Question
When a surface is irradiated with light of wavelength $$4950\,\mathop {\text{A}}\limits^ \circ ,$$ a photo current appears which vanishes if a retarding potential greater than $$0.6\,V$$ is applied across the photo tube.

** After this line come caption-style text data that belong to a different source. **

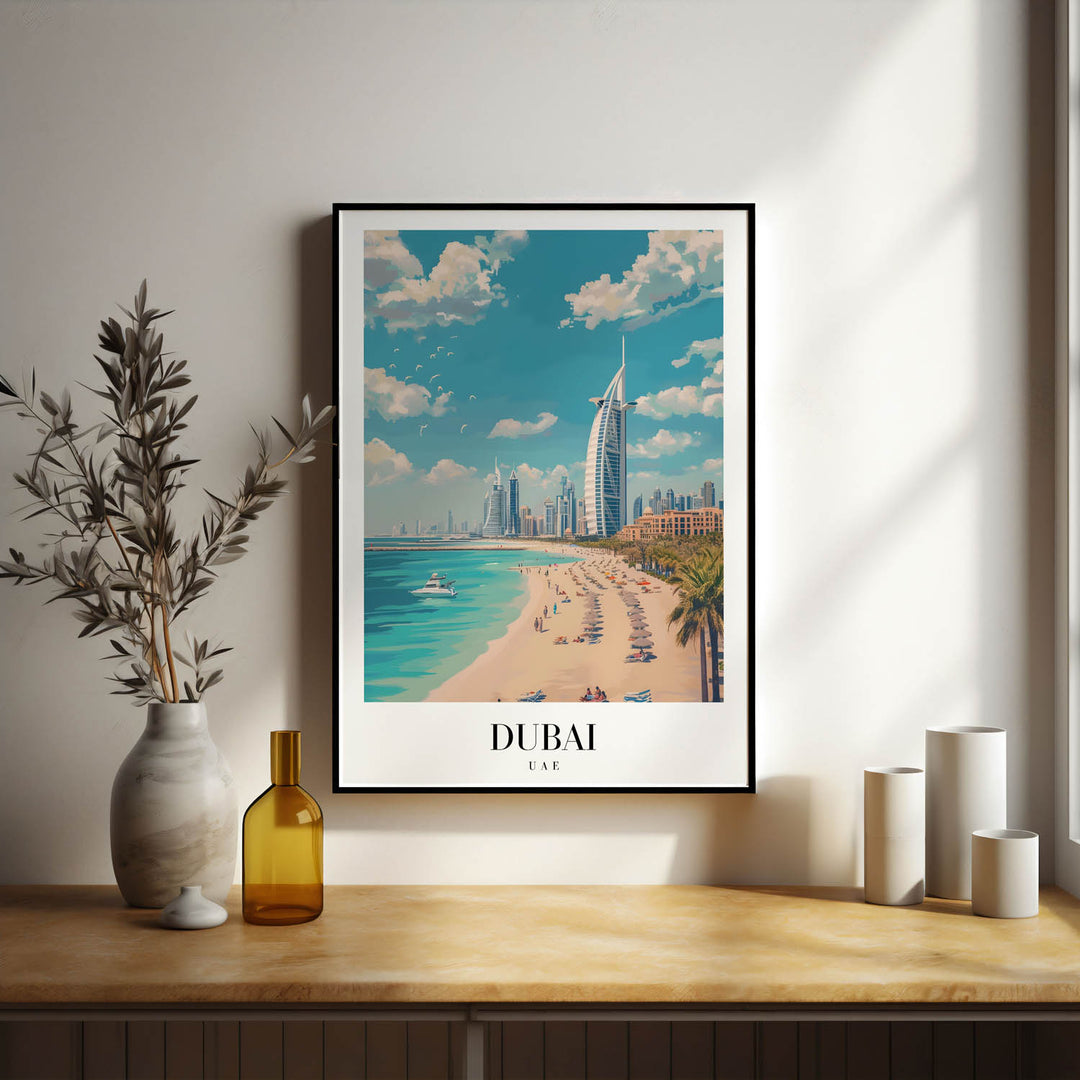 burj-al-arab-dubai-cities-paintings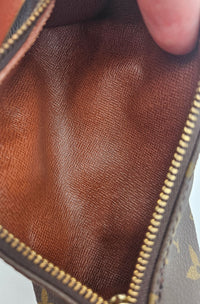 Pochette Louis Vuitton Papillon Monogram Vintage
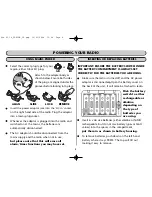 Preview for 8 page of Dualit DAB LITE RADIO Instructions And Guarantee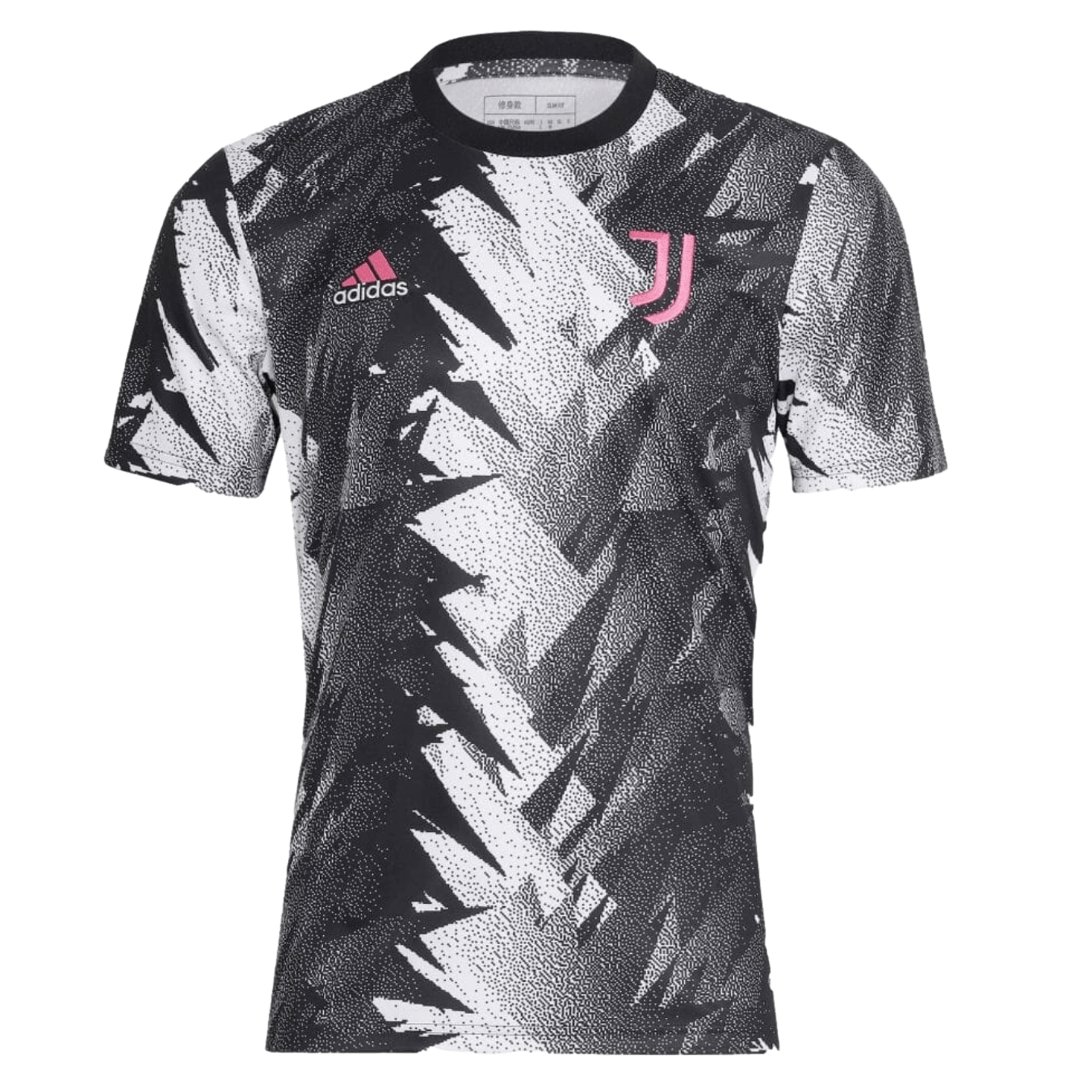 Adidas Juventus Pre-Match Jersey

When a different source of light is used, it is found that the critical retarding potential is changed to $$1.1\,V.$$ Find the wavelength of second source.
A.
$$4077\,\mathop {\text{A}}\limits^ \circ $$
B.
$$992\,\mathop {\text{A}}\limits^ \circ $$
C.
$$628\,\mathop {\text{A}}\limits^ \circ $$
D.
$$238\,\mathop {\text{A}}\limits^ \circ $$
Answer :
$$4077\,\mathop {\text{A}}\limits^ \circ $$
Solution :
By Einstein equation
$$\eqalign{
& hf = {W_0} + e{V_0}. \cr
& {W_0} = \frac{{hc}}{\lambda } - e{V_0} \cr
& = \frac{{\left( {6.63 \times {{10}^{ - 34}}} \right) \times \left( {3 \times {{10}^8}} \right)}}{{4950 \times {{10}^{ - 10}}}} - \left( {1.6 \times {{10}^{ - 19}}} \right) \times 0.6 \cr
& = 3.12 \times {10^{ - 19}}J \cr} $$
For the second surface
$$\eqalign{
& hf' = {W_0} + e{V_0}^\prime \cr
& {\text{or}}\,\,\frac{{hc}}{{\lambda '}} = 3.12 \times {10^{ - 19}} + 1.6 \times {10^{ - 19}} \times 1.1 \cr
& \therefore \lambda ' = 4077\,\mathop {\text{A}}\limits^ \circ \cr} $$